WHAT IS REQUIRED: Only the lines from the line that contains "Petite commode en placage de bois de rose..." through the final line of the entries below belong in your answer, copied exactly and without pictures.

Captioned web images:

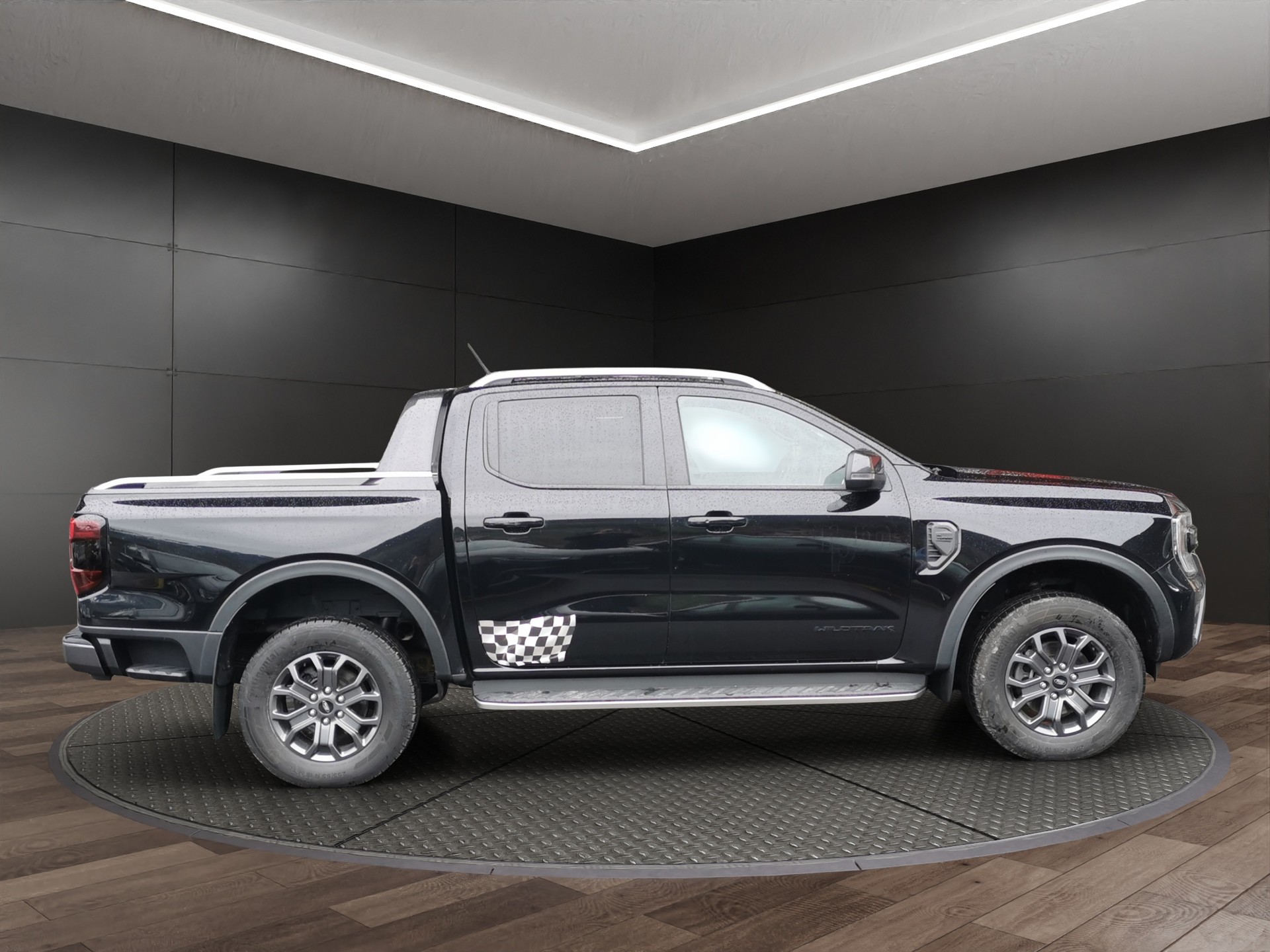FORD Ranger Wildtrak 2.0 Eco Blue e-4WD Automat-image-4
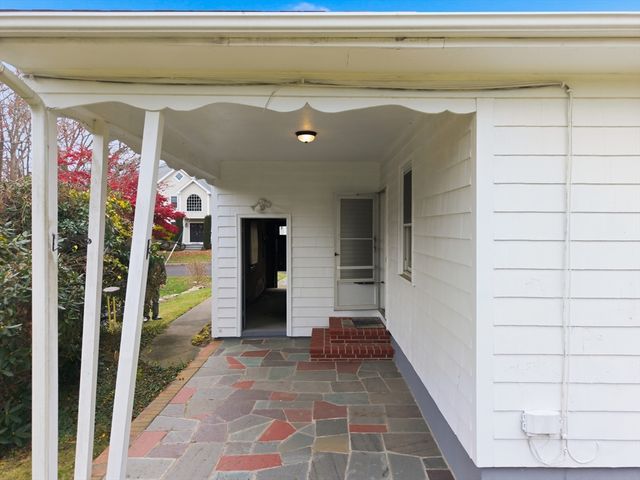 50 Gaywood St, Dartmouth, MA 02747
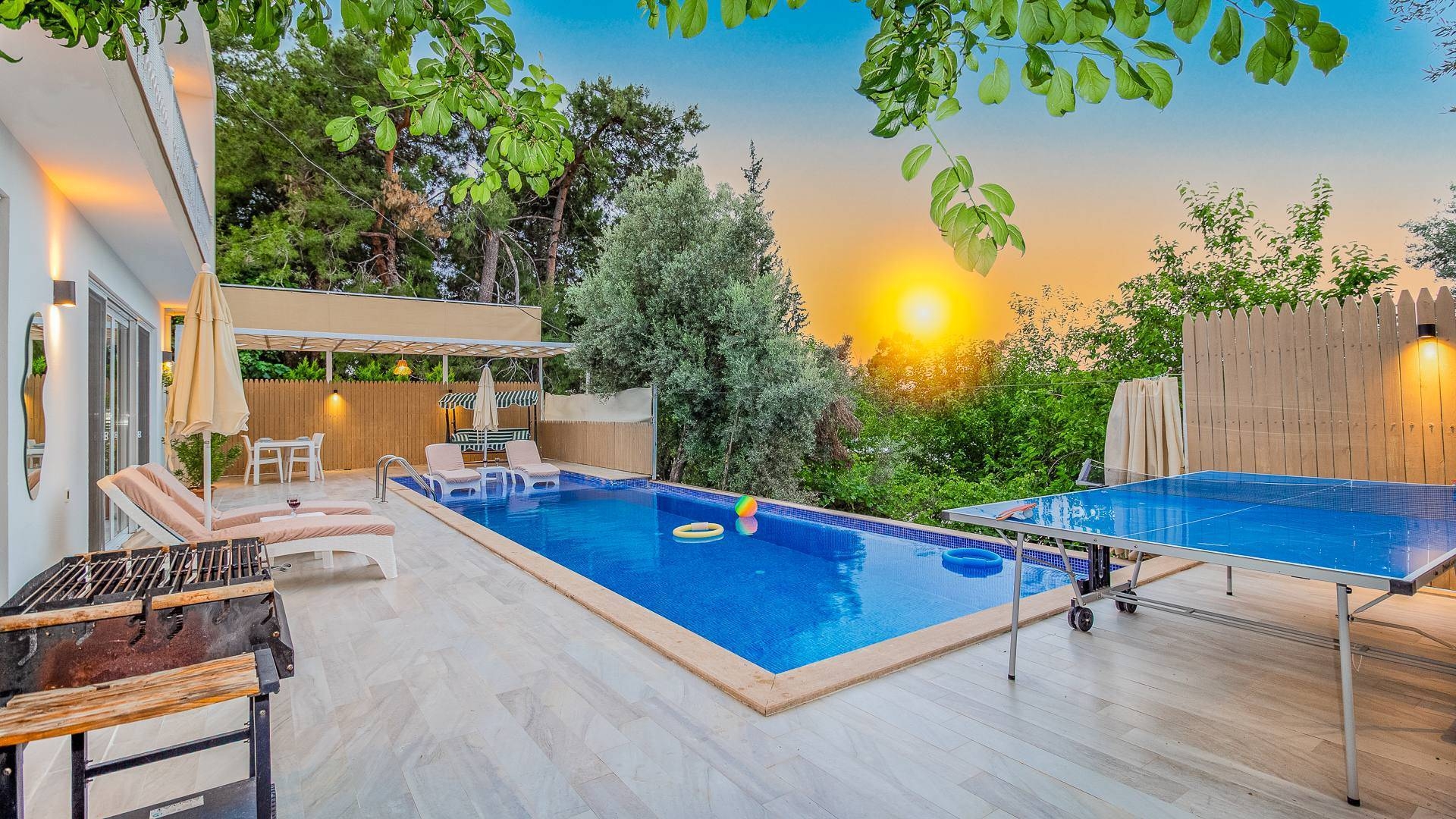 Kaş Üzümlü'de Çekirdek Ailelere Uygun, Özel Havuzlu, Jakuzili Villa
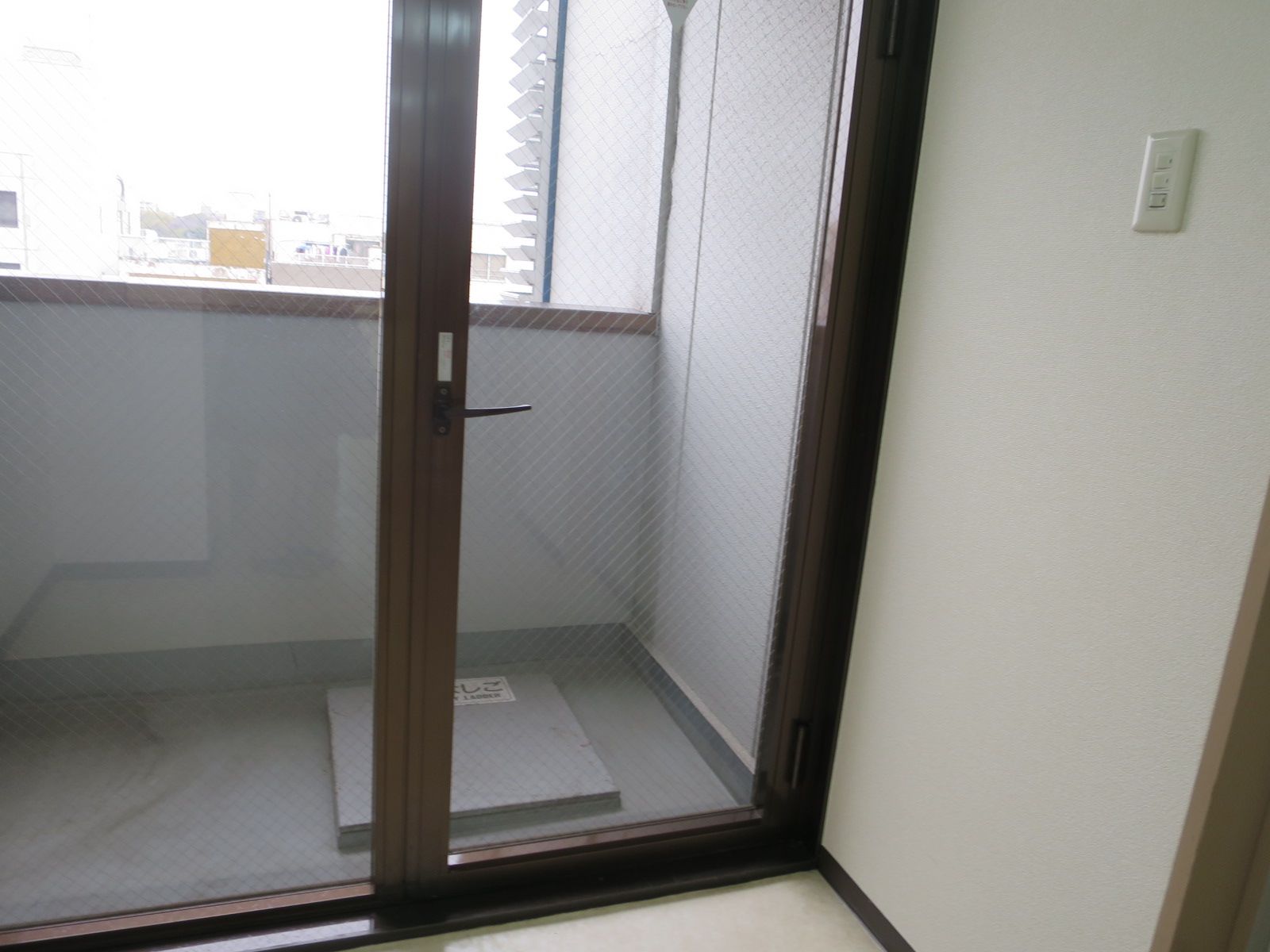 バルコニー入口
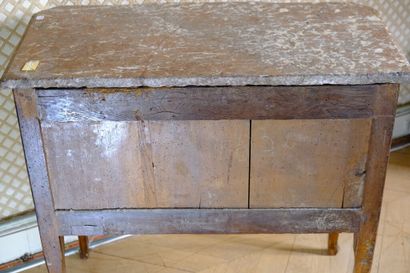 Petite commode en placage de bois de rose...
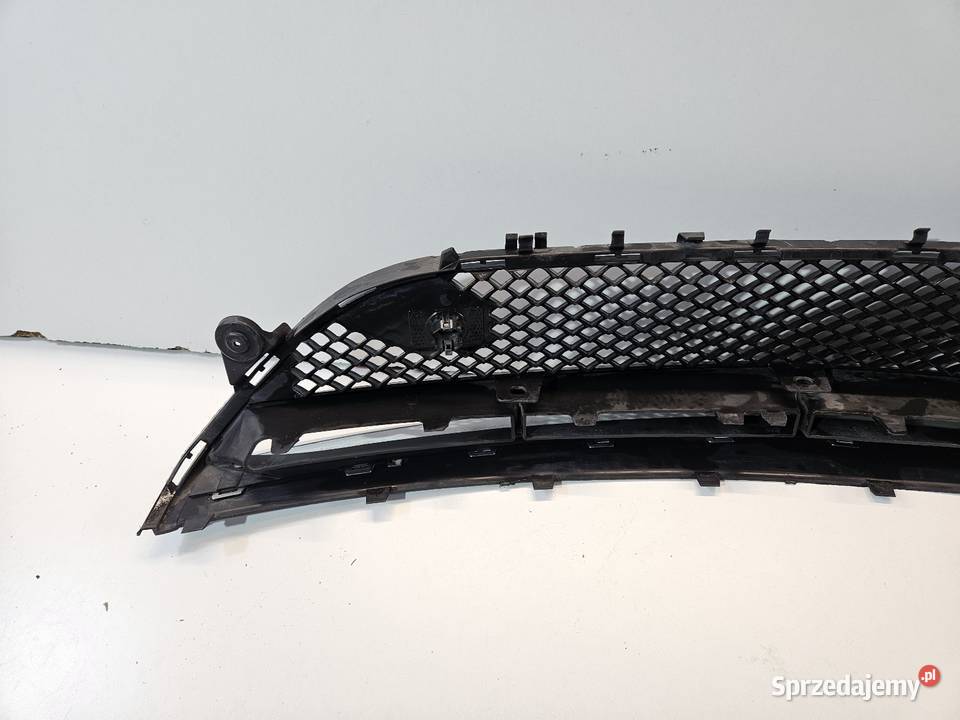 MERCEDES EKLASA W213 AMG KRATKA ŚRODKOWA osobowe Międzychód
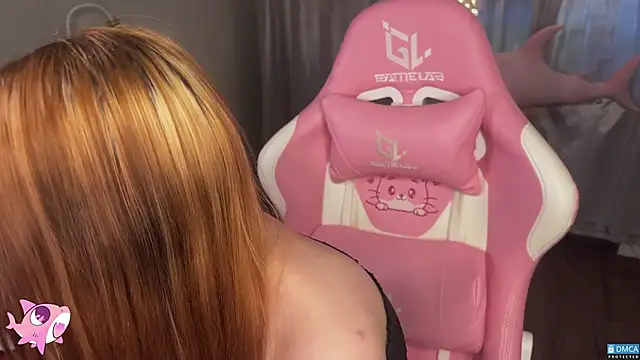 PinkSharky online show from March 17, 2026, 9:34 am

COMPLETED TASK:
 Petite commode en placage de bois de rose...
 MERCEDES EKLASA W213 AMG KRATKA ŚRODKOWA osobowe Międzychód
 PinkSharky online show from March 17, 2026, 9:34 am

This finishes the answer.